Study material section start

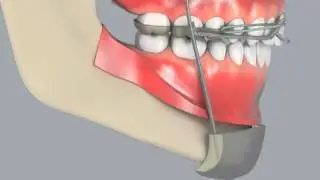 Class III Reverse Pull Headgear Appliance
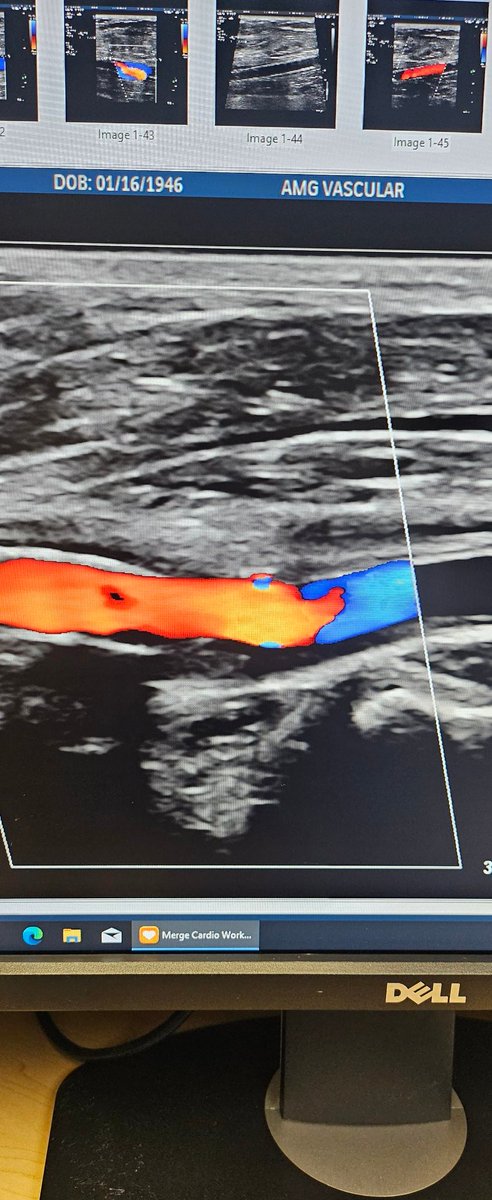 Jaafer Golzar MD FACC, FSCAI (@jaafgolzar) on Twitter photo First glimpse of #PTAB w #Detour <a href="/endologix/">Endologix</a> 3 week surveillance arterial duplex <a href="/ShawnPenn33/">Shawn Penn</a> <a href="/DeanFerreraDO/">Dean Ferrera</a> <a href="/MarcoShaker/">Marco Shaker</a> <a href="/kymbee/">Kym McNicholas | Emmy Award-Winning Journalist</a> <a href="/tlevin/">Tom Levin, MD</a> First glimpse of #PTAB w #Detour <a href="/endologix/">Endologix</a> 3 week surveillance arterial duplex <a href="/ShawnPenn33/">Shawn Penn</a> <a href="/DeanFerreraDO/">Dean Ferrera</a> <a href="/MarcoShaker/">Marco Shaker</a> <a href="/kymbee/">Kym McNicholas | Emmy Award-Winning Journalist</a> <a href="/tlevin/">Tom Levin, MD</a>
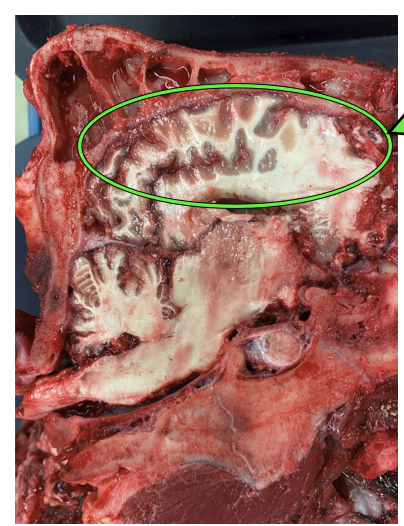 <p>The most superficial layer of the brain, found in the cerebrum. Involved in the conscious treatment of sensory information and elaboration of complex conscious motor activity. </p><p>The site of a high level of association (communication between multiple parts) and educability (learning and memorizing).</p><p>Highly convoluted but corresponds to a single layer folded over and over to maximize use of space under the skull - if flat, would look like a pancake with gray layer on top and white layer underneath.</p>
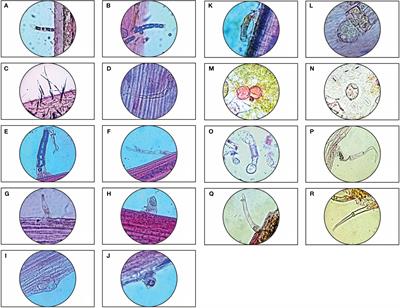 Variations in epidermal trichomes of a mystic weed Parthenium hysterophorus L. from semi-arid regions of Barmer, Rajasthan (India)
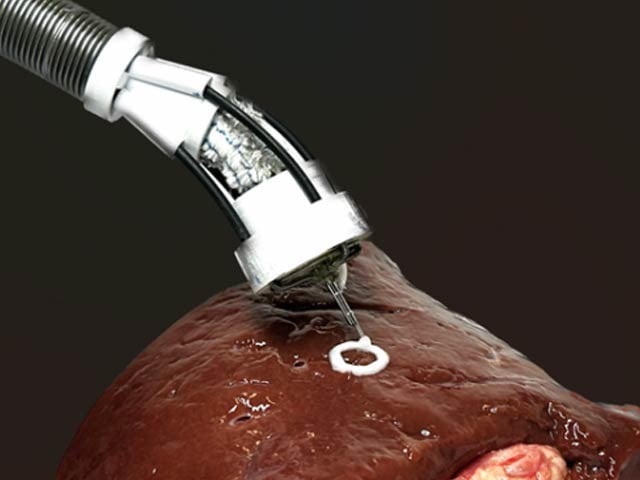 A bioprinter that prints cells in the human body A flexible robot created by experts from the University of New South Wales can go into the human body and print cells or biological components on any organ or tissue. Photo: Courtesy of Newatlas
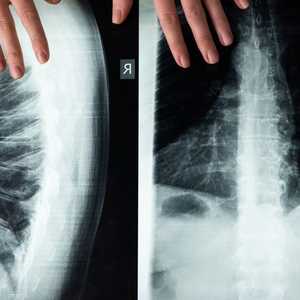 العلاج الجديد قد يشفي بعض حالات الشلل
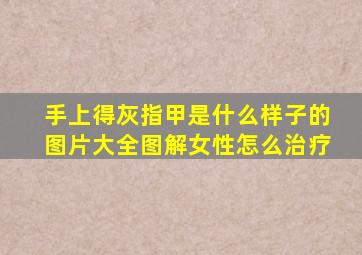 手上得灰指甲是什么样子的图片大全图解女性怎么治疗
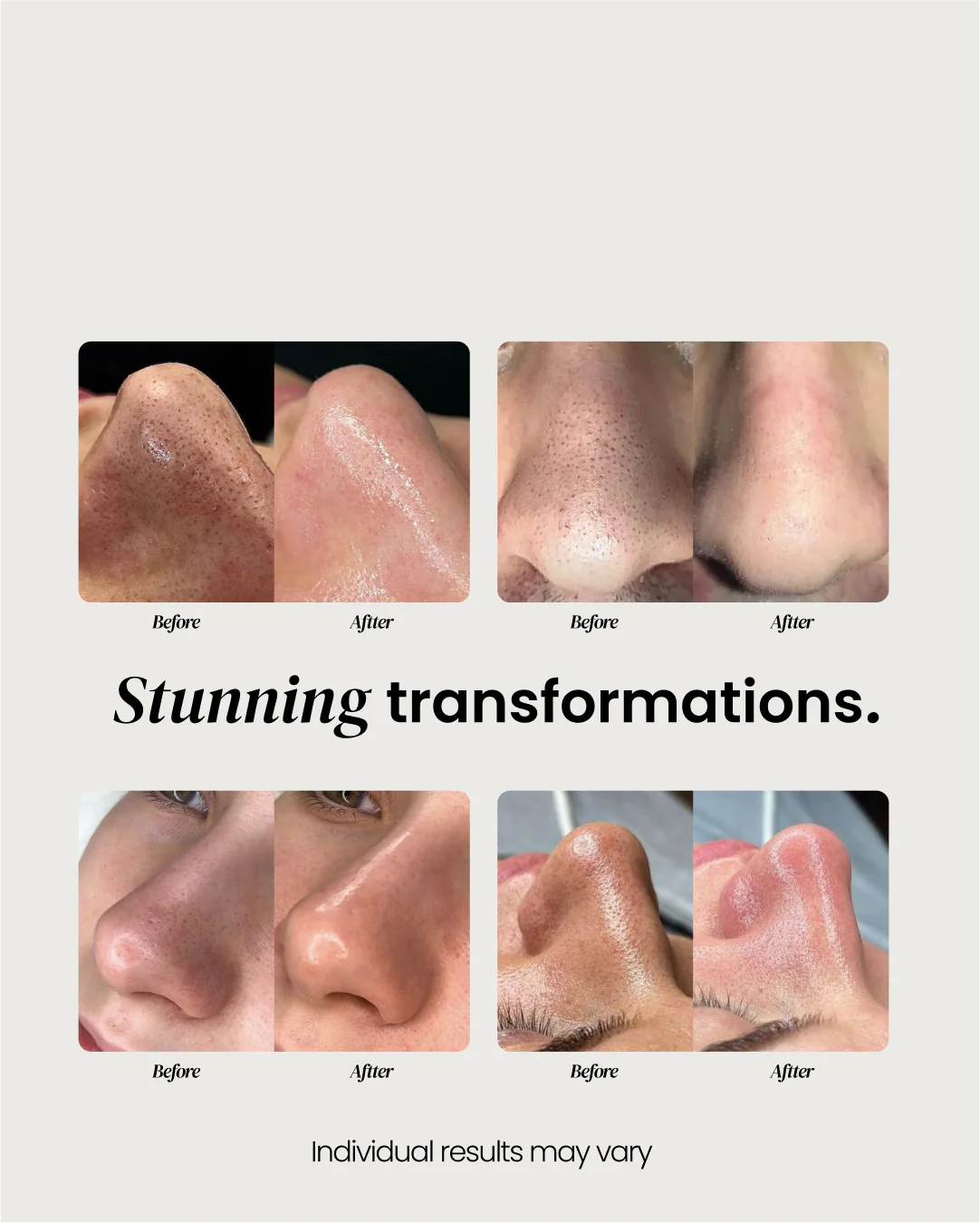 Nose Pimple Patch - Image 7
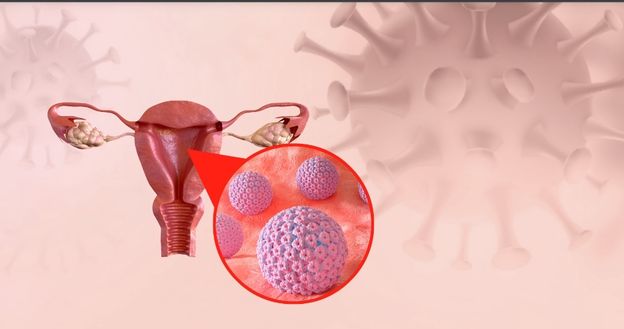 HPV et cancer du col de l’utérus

Study material section end

* Description of the task
Repeat the entries verbatim; no pictures.

* Answer section
 Class III Reverse Pull Headgear Appliance
 Jaafer Golzar MD FACC, FSCAI (@jaafgolzar) on Twitter photo First glimpse of #PTAB w #Detour <a href="/endologix/">Endologix</a> 3 week surveillance arterial duplex <a href="/ShawnPenn33/">Shawn Penn</a> <a href="/DeanFerreraDO/">Dean Ferrera</a> <a href="/MarcoShaker/">Marco Shaker</a> <a href="/kymbee/">Kym McNicholas | Emmy Award-Winning Journalist</a> <a href="/tlevin/">Tom Levin, MD</a> First glimpse of #PTAB w #Detour <a href="/endologix/">Endologix</a> 3 week surveillance arterial duplex <a href="/ShawnPenn33/">Shawn Penn</a> <a href="/DeanFerreraDO/">Dean Ferrera</a> <a href="/MarcoShaker/">Marco Shaker</a> <a href="/kymbee/">Kym McNicholas | Emmy Award-Winning Journalist</a> <a href="/tlevin/">Tom Levin, MD</a>
 <p>The most superficial layer of the brain, found in the cerebrum. Involved in the conscious treatment of sensory information and elaboration of complex conscious motor activity. </p><p>The site of a high level of association (communication between multiple parts) and educability (learning and memorizing).</p><p>Highly convoluted but corresponds to a single layer folded over and over to maximize use of space under the skull - if flat, would look like a pancake with gray layer on top and white layer underneath.</p>
 Variations in epidermal trichomes of a mystic weed Parthenium hysterophorus L. from semi-arid regions of Barmer, Rajasthan (India)
 A bioprinter that prints cells in the human body A flexible robot created by experts from the University of New South Wales can go into the human body and print cells or biological components on any organ or tissue. Photo: Courtesy of Newatlas
 العلاج الجديد قد يشفي بعض حالات الشلل
 手上得灰指甲是什么样子的图片大全图解女性怎么治疗
 Nose Pimple Patch - Image 7
 HPV et cancer du col de l’utérus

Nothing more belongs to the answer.